I don't think it makes sense to become deeply specialized in any particular stack unless it's evergreen, something like C++. Maybe Java, if you like legacy enterprise baggage. But otherwise it's always just chasing fashion trends...
Exhausting, I think. Part of the reason I'm looking for an exit out of this field. We keep reinventing the wheel every few years for no real reason. Just some other huge company or tiny startup wanting their turn.
I've worked making gears, in a machine shop, a "job" shop. When you enter the world of production, you encounter a mix of machines from WW2 onward. These machines are those that have been making parts for longer than most people have been alive. They're not optimal, of course, but the cost of change is far, FAR larger than you can possibly imagine from the outside.
If you have a machine that does a $5000 operation on a $100,000 part, and you do 50 of those parts per year. A single scrapped part can take out years of profit. That machine might do be used on 100 similar jobs of that nature over time. Thus replacing that machine, or "upgrading" its controls could upset all those apple-carts, over time. This is why manufacturing production environments are highly resistant to change. One of the hobbs we used to cut gears was made in 1909, and it was only 1/2 way worn down. Most of them were from the 1960s and onward.
The computer, and the software that runs on it, is a tool. Thanks to logging, and the general ability to undo changes, the costs are far lower where software is concerned, but the same forces are at play. You have to adapt yourself to the found environment, and be careful when introducing changes, especially un-necessary changes.
But, as a counter-point, I currently work with a stack which is both highly productive, unfashionable, and has a tiny community, writing in a language you never heard of.
We moved from custom projects to products many years ago and we are now big fish in our market space. Customers buy software and services, not source code, so the stack doesn't matter.
While there are clear and obvious issues to using "old" technology, there's also pleasure gained by having a high level of expertise in a specific area. As distinct from being yet another c# programmer in an ocean of c# programmers.
Incidentally, there's also a lot of money to be made, as others retire my incredibly specialised abilities come into demand. Much in the way that COBOL programmers made money in the 90s.
I can't really advise you to focus on niche technologies since I can't say how much of my path was pure luck. But I chose a path less travelled by, and that has made all the difference.
Clojure is an objectively superior language, and it used to have a lot of potential. I used it for four years, and even built up a nice sized engineering team around it.
But its ecosystem was already tenuous when Rich Hickey curb stomped it with a rant about how the ecosystem didn’t matter — only Rich Hickey mattered.
At that point it became clear to me that the ecosystem would gradually vanish into non-significance, especially given the core team’s tendency to co-opt popular existing libraries into Clojure itself (thus stifling any further innovation).
Clojure is an objectively better language than Python and JavaScript, but both have an objectively better ecosystem of frameworks and libraries. It would be foolish to choose Clojure over them.
It was more portable than a laptop, had a hardware keyboard large enough for touch typing, fit in your pocket, came with a full suite of office / productivity software, and ran on 2 AA batteries.
Sadly it and the other handheld computing devices Psion made were discontinued and the software was converted to power feature phones.

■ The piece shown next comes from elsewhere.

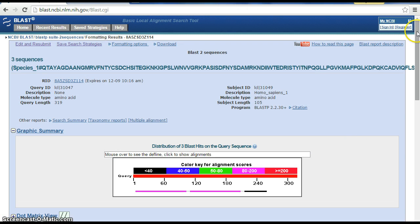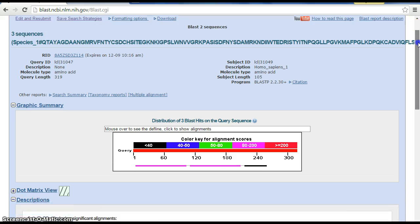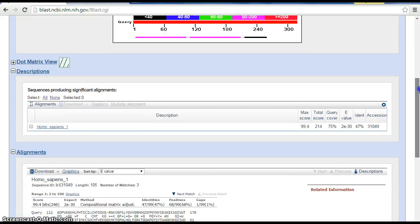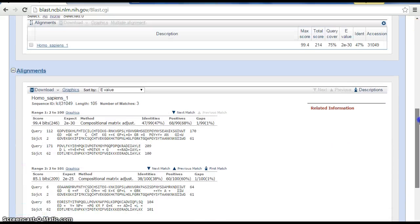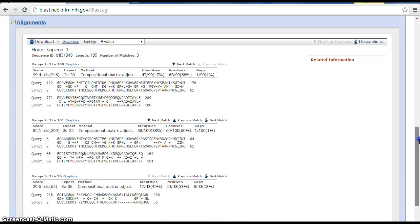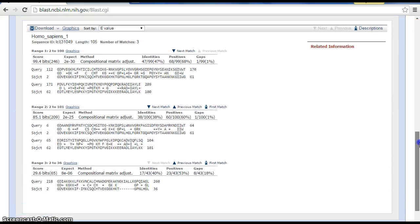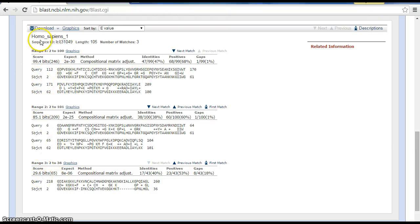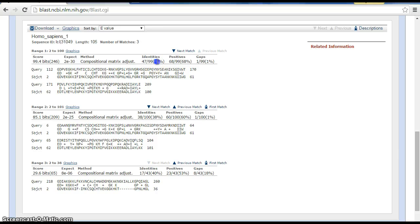Here are our results. Let's scroll down and you'll notice three different sets of data here. Homo sapiens is what we're comparing to. For the first species, our match was 47%, that's our identity value.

It lacks push notifications, connectivity, all of which clients like IRCCloud have built in. But I suppose companies like Discord want to actually own the channel, and I suppose it doesn't work for enterprise purposes and the terrible moderation led to a lot of harassment. My wife thinks IRC is a place to find hookers and date underaged girls.
Still I think IRC was just a nice place, quite similar to this niche HN holds.

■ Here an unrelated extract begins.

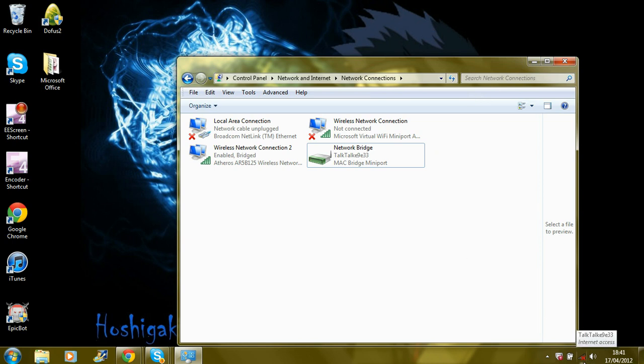but it just shows us that. But if you do put your Ethernet cable, it'll turn on normal. Okay, so that is actually how you make a network bridge connection. It's very simple and the cheapest way to connect your Xbox.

I wonder if TypeScript will be around in 10 years. Looking back 10 years ago, CoffeeScript was a thing. I like the annotations of TS, but don’t like the necessary compilation step, and I seem to remember another new JS annotation scheme coming out recently?
Who knows, everything browser could be WASM-based in 10 years, or the underlying language may not even matter?
Or maybe we’re all just deploying things on clones of AWS services and gluing them together?
I had to give up my Commodore 64 and Commodore Amiga 1000 for a 386 PC clone to do DOS and Windows work.
I know COBOL and FORTRAN but they are old as well. So I am into retro computing stuff.